Sarah Palin held a rally on Boston Common today on behalf of the tea party. Here's a picture of the crowd. Click on the images to see the larger versions.
More shots of the crowd can be found at Boston.com.
The last time Boston had a big rally, the dastardly Red Sox won a World Series. Compare the face of Boston.
According to the census bureau, only 56% of Boston is white.
Today's crowd was -- as it was at the Palin rally in Minneapolis -- exclusively white. That doesn't make the tea party racist -- an accusation that precludes a scholarly discussion -- but it does indicate that the tea party doesn't resonate with non-whites (and/or that it's not as popular in Boston as the Red Sox).
What does this mean for the movement? Why doesn't it resonate across race? And can it be a national party without creating -- or at least, illuminating -- a racial divide?
By the way, this sign at the rally should get some attention:
For more on the tea party, listen to today's MPR Midday, which featured an analysis of the tea party movement.
Okay, so maybe I buy the idea that the TEA party isn't fundamentally racist.
However, all of the people I know who identify with this group just happen to be some pretty racist individuals.

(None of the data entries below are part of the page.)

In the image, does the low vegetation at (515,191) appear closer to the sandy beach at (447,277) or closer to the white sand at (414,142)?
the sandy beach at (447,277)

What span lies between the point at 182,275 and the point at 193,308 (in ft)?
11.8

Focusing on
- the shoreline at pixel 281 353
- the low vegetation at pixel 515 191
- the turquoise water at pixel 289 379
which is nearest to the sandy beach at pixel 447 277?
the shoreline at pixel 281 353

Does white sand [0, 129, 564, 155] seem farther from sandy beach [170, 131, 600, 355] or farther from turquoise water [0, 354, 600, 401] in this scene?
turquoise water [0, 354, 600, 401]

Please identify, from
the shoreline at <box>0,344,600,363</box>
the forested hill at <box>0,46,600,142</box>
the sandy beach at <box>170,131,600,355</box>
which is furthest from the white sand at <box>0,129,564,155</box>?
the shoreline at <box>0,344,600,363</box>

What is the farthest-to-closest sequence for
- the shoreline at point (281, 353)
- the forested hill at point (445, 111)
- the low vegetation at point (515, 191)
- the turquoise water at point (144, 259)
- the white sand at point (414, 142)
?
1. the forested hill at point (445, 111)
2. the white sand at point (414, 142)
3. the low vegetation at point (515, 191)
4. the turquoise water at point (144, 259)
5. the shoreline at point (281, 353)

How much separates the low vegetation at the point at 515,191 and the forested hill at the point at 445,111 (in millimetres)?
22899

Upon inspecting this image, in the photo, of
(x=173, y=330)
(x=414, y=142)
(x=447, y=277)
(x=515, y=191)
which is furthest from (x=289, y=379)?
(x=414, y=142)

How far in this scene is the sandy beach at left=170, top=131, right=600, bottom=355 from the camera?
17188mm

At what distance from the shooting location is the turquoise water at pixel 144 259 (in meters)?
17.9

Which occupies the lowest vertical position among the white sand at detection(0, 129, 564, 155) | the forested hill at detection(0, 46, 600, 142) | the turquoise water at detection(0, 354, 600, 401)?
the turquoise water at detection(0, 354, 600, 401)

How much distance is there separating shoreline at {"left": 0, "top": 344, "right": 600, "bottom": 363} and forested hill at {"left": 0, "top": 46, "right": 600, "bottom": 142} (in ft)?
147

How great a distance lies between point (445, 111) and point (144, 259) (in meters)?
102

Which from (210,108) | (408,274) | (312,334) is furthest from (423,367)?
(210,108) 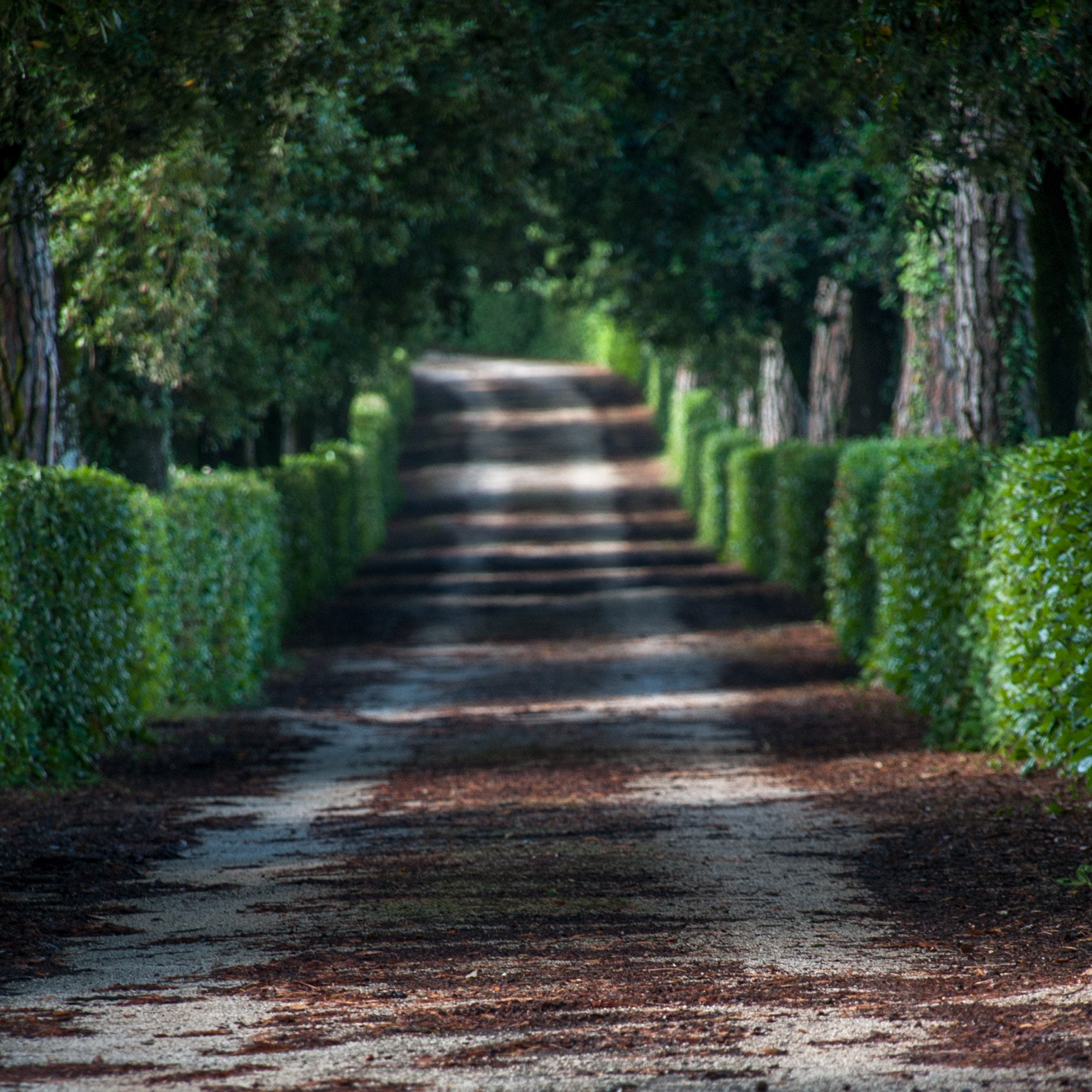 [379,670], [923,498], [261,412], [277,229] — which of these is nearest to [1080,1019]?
[923,498]

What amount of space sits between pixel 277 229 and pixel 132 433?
2.42 meters

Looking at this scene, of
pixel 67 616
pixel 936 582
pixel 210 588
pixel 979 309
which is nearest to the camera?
pixel 67 616

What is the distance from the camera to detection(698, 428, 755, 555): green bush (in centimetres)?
3009

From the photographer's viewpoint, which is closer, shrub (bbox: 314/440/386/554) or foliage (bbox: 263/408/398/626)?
foliage (bbox: 263/408/398/626)

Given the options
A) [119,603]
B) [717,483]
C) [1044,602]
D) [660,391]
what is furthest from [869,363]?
[660,391]

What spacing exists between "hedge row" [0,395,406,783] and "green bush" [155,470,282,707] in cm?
2

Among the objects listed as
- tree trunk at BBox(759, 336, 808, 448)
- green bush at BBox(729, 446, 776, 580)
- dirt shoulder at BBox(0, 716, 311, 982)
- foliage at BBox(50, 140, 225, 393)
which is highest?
foliage at BBox(50, 140, 225, 393)

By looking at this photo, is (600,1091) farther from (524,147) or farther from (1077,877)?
(524,147)

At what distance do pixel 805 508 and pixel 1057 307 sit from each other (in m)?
10.6

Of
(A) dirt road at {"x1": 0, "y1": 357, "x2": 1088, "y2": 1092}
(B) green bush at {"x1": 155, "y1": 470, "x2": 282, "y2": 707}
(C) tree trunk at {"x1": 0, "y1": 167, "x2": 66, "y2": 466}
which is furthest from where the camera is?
(B) green bush at {"x1": 155, "y1": 470, "x2": 282, "y2": 707}

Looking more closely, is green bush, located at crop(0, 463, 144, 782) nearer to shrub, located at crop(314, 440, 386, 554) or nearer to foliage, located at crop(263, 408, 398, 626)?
foliage, located at crop(263, 408, 398, 626)

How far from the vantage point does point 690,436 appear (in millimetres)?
38281

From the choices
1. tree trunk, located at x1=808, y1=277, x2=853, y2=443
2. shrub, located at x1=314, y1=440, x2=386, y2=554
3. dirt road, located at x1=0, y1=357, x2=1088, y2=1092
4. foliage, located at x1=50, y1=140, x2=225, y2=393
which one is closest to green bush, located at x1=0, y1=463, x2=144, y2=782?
dirt road, located at x1=0, y1=357, x2=1088, y2=1092

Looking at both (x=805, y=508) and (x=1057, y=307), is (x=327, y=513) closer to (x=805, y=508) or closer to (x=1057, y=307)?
(x=805, y=508) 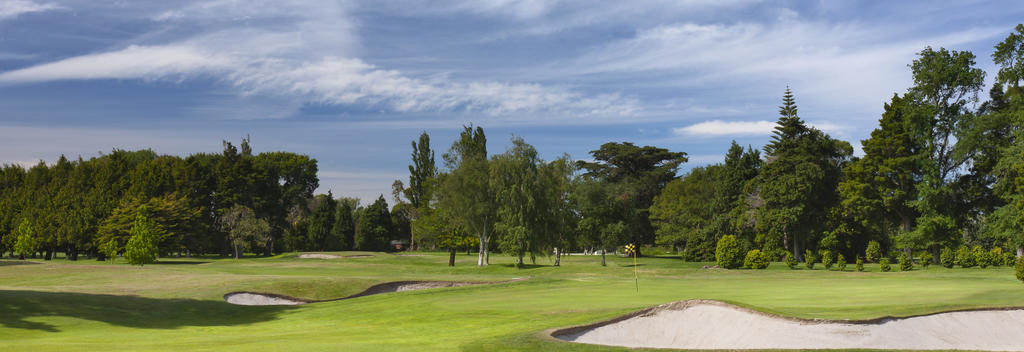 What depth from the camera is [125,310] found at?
24625 millimetres

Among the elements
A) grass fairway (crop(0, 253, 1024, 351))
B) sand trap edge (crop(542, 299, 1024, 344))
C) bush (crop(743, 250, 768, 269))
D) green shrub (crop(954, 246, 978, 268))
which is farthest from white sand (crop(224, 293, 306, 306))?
green shrub (crop(954, 246, 978, 268))

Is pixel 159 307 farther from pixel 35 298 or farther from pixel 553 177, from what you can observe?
pixel 553 177

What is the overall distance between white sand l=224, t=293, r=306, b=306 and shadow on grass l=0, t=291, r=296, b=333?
2111 mm

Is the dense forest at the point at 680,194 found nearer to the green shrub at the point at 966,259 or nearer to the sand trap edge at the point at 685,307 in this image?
the green shrub at the point at 966,259

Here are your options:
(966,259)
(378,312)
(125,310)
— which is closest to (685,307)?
(378,312)

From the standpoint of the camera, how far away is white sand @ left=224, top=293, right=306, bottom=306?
3152 centimetres

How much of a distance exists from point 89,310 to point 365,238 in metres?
87.0

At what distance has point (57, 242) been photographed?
7606 centimetres

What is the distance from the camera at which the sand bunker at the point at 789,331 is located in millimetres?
15578

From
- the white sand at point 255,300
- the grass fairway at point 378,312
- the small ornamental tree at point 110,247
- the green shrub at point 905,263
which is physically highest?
the small ornamental tree at point 110,247

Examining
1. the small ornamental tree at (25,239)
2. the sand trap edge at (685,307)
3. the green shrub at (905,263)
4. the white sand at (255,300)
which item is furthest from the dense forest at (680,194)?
the sand trap edge at (685,307)

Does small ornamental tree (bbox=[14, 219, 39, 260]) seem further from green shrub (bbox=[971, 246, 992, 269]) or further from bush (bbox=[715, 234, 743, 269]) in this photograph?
green shrub (bbox=[971, 246, 992, 269])

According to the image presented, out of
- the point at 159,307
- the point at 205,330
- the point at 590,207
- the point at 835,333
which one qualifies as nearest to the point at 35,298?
the point at 159,307

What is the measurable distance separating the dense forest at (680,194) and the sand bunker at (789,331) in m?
36.8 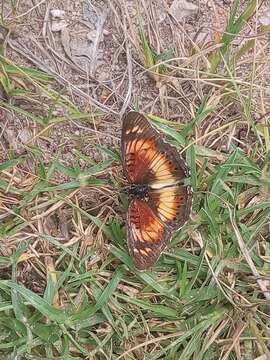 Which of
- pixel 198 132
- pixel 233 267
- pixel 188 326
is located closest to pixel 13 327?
pixel 188 326

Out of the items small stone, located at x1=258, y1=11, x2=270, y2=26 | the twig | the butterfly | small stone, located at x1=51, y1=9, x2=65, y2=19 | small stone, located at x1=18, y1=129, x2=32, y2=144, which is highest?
small stone, located at x1=258, y1=11, x2=270, y2=26

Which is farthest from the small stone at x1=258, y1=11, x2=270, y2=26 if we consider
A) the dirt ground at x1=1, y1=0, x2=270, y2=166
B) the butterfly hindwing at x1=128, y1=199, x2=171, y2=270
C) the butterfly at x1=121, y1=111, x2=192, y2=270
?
the butterfly hindwing at x1=128, y1=199, x2=171, y2=270

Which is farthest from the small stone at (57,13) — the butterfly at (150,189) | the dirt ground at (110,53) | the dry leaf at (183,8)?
the butterfly at (150,189)

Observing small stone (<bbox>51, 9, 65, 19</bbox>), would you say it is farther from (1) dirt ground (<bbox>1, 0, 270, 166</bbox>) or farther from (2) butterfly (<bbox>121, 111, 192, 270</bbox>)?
(2) butterfly (<bbox>121, 111, 192, 270</bbox>)

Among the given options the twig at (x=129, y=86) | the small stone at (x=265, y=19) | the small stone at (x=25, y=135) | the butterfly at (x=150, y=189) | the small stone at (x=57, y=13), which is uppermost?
the small stone at (x=265, y=19)

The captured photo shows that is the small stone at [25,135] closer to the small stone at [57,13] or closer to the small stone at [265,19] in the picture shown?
the small stone at [57,13]

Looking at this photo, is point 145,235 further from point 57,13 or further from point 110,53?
point 57,13

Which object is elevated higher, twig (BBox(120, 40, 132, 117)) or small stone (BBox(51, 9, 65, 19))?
small stone (BBox(51, 9, 65, 19))

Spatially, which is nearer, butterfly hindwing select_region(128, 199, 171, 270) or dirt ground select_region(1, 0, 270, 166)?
butterfly hindwing select_region(128, 199, 171, 270) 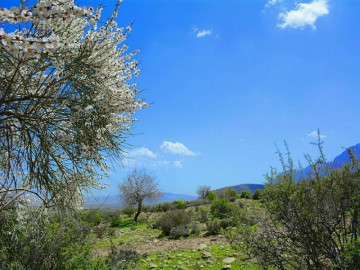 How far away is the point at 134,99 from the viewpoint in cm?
558

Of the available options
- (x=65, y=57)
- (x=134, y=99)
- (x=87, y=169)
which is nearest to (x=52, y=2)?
(x=65, y=57)

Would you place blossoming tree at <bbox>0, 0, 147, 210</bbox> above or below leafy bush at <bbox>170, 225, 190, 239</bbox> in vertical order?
above

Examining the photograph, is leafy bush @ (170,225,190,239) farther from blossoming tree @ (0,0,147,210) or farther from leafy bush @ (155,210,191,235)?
blossoming tree @ (0,0,147,210)

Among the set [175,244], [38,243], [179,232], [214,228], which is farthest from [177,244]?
[38,243]

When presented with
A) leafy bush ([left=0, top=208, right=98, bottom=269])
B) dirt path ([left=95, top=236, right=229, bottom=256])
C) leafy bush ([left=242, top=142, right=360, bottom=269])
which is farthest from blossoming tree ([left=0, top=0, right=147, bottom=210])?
dirt path ([left=95, top=236, right=229, bottom=256])

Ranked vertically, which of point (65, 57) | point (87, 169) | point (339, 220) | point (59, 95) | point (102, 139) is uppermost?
point (65, 57)

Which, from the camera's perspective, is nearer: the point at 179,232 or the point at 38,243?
the point at 38,243

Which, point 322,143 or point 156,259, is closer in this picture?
point 322,143

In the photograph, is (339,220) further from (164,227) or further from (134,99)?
(164,227)

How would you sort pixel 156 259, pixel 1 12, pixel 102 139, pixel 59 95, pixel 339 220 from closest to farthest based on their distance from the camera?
pixel 1 12, pixel 59 95, pixel 339 220, pixel 102 139, pixel 156 259

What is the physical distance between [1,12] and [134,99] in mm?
3057

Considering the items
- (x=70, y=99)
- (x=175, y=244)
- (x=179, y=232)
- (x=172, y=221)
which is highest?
(x=70, y=99)

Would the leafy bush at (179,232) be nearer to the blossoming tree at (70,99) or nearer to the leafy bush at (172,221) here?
the leafy bush at (172,221)

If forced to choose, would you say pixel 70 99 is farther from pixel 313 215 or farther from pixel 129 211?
pixel 129 211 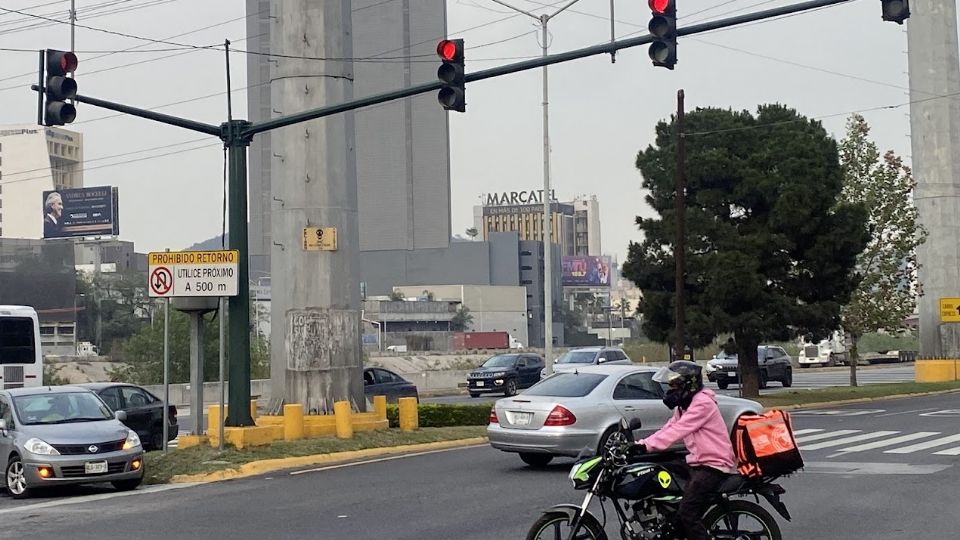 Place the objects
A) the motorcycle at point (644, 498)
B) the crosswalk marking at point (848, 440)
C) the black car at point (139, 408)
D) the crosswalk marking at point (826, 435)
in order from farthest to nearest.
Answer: the black car at point (139, 408)
the crosswalk marking at point (826, 435)
the crosswalk marking at point (848, 440)
the motorcycle at point (644, 498)

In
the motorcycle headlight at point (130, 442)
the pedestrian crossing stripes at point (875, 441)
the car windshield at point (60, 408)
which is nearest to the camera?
the motorcycle headlight at point (130, 442)

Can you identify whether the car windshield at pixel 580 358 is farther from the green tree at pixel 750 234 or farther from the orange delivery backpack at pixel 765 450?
the orange delivery backpack at pixel 765 450

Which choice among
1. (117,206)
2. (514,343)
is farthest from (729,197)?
(514,343)

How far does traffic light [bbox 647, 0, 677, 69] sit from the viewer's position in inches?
757

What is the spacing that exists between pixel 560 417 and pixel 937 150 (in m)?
41.5

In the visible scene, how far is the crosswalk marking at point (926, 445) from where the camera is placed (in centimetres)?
2223

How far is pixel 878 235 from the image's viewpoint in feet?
163

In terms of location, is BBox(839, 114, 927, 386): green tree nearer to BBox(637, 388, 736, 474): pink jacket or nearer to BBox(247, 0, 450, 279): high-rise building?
BBox(637, 388, 736, 474): pink jacket

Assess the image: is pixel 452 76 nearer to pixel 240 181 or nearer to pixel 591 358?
pixel 240 181

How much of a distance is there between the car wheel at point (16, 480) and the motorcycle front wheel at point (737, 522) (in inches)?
443

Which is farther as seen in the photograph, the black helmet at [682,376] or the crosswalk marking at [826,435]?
the crosswalk marking at [826,435]

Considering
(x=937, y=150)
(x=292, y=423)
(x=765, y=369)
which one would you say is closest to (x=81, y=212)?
(x=765, y=369)

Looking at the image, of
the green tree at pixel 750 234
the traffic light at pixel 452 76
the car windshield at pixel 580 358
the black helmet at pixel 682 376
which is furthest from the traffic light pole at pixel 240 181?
the car windshield at pixel 580 358

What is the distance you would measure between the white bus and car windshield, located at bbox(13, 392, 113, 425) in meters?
12.8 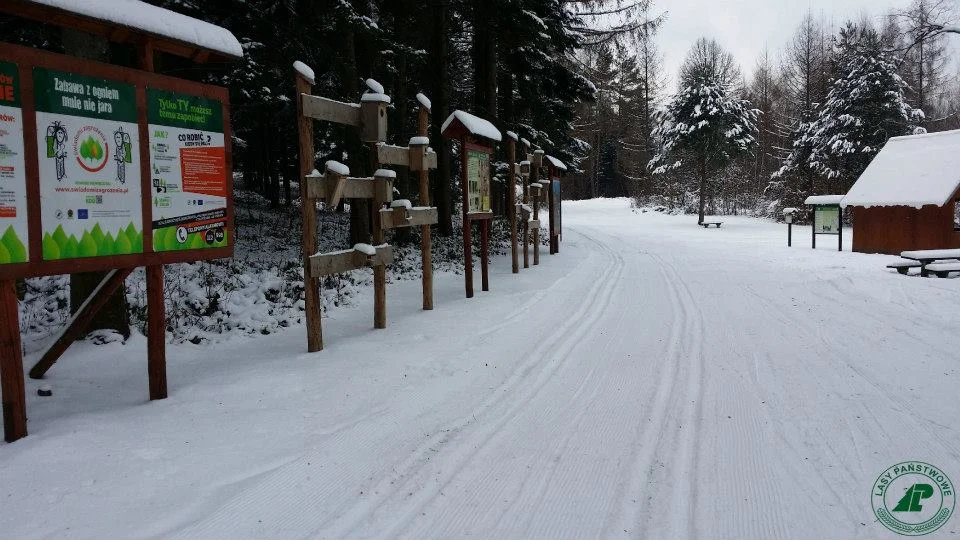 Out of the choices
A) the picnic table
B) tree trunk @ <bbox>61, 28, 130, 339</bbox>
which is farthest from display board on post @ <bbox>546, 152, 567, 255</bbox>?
tree trunk @ <bbox>61, 28, 130, 339</bbox>

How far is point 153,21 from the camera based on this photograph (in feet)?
15.5

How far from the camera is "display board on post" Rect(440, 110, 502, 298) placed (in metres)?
10.1

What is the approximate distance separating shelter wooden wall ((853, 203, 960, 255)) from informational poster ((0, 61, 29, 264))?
22919mm

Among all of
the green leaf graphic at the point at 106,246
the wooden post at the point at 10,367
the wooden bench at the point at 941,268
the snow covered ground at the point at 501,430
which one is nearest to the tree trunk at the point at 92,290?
the snow covered ground at the point at 501,430

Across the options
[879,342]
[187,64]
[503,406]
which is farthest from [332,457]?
[187,64]

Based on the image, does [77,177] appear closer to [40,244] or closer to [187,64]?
[40,244]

It makes me wonder if the opposition to health care reform and anything else Obama supports is often a proxy for something that's not socially acceptable.
When you said look at the faces I assumed you were trying to point out how the red sox fans were happy, and the Tea Party folk, not so much...
Though if we are going with racism... don't tea parties already exclude the half of Americans that aren't republicans? or at least the half that isn't a particularly big fan of Palin?
Agreed the TEA party seems to pull from a smaller pool. I have seen, in person, a good number of people of color who claim to be TEA party folks. Not equal to population by anymeans.... But look at most political rallies (not membership) - I would bet most (not all most) lean VERY heavy on the white side. At least the ones I have been to tend that way. (I'm talking attending 4 different party functions and over 100 candidate events)
Incidentally, I know Boston Common pretty well and know exactly where the stage was. Looking at the images, I'd have expected a far bigger crowd. If there were "thousands" there, there weren't MANY thousands.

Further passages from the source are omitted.